__WORK REQUIRED__: Extract precisely the lines that run from the line containing "Housse de Couette" to the end of the records below, with both ends included and pictures omitted.

###

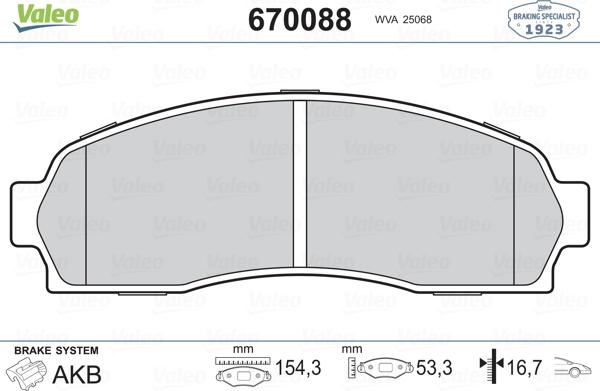 Valeo 670088 - Jarrupala, levyjarru inparts.fi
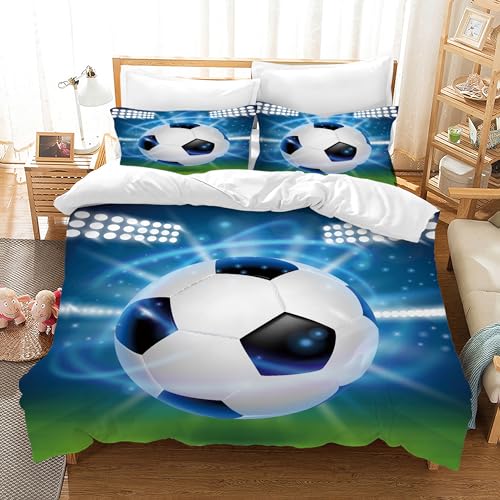 Housse de Couette Football Parure de Lit Sport Football Motif pour Enfant 1/2 Personne,Housses de Couettes Microfibre avec Fermeture Éclair et 2 Taies...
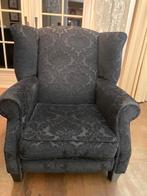 Zwarte oorfauteuil met van stof, Huis en Inrichting, Fauteuils, Ophalen, 75 tot 100 cm, Zo goed als nieuw, 75 tot 100 cm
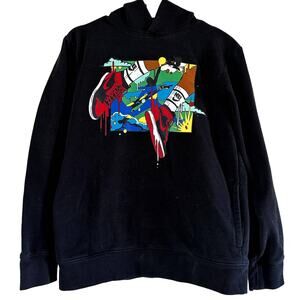 Air Jordan MJ DNA Jumpman Hoodie Pullover Graphic Print Pockets Cotton Black XL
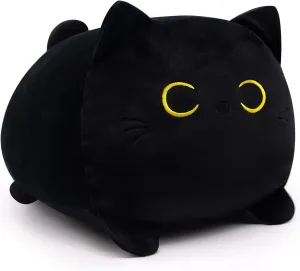 Black Cat Plush Toy Pillow,15.7" Kawaii Black Cat Stuffed Animals Cat Plushie, Cute Plush Pillows Cushion CatsThrow Pillow Stuffed Cat Toys for Kids Birthday Girlfriend Valentines Gift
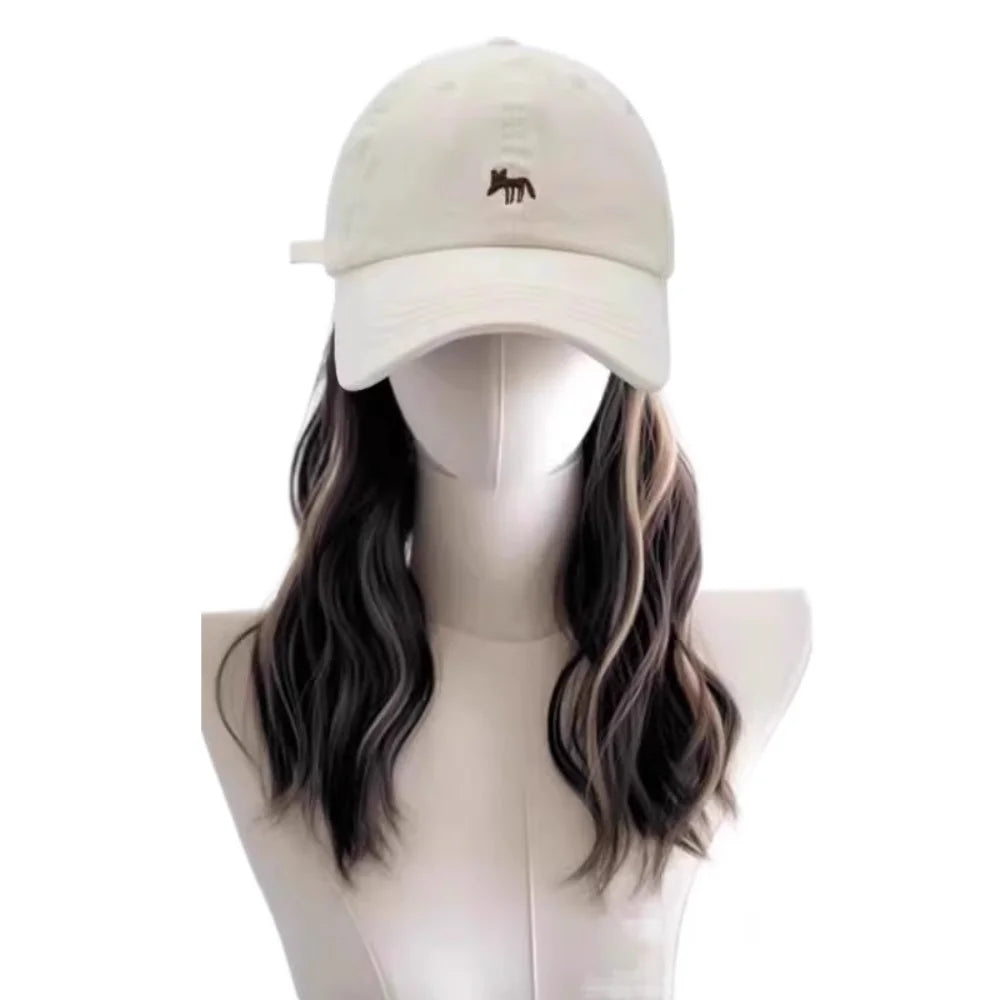 Baseball Cap with Long Wavy Wig – Korean Style Hat Hairpiece Cap Wig Hairpiece PLUSH Beige-Black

###

__ANSWER BOX__:
 Housse de Couette Football Parure de Lit Sport Football Motif pour Enfant 1/2 Personne,Housses de Couettes Microfibre avec Fermeture Éclair et 2 Taies...
 Zwarte oorfauteuil met van stof, Huis en Inrichting, Fauteuils, Ophalen, 75 tot 100 cm, Zo goed als nieuw, 75 tot 100 cm
 Air Jordan MJ DNA Jumpman Hoodie Pullover Graphic Print Pockets Cotton Black XL
 Black Cat Plush Toy Pillow,15.7" Kawaii Black Cat Stuffed Animals Cat Plushie, Cute Plush Pillows Cushion CatsThrow Pillow Stuffed Cat Toys for Kids Birthday Girlfriend Valentines Gift
 Baseball Cap with Long Wavy Wig – Korean Style Hat Hairpiece Cap Wig Hairpiece PLUSH Beige-Black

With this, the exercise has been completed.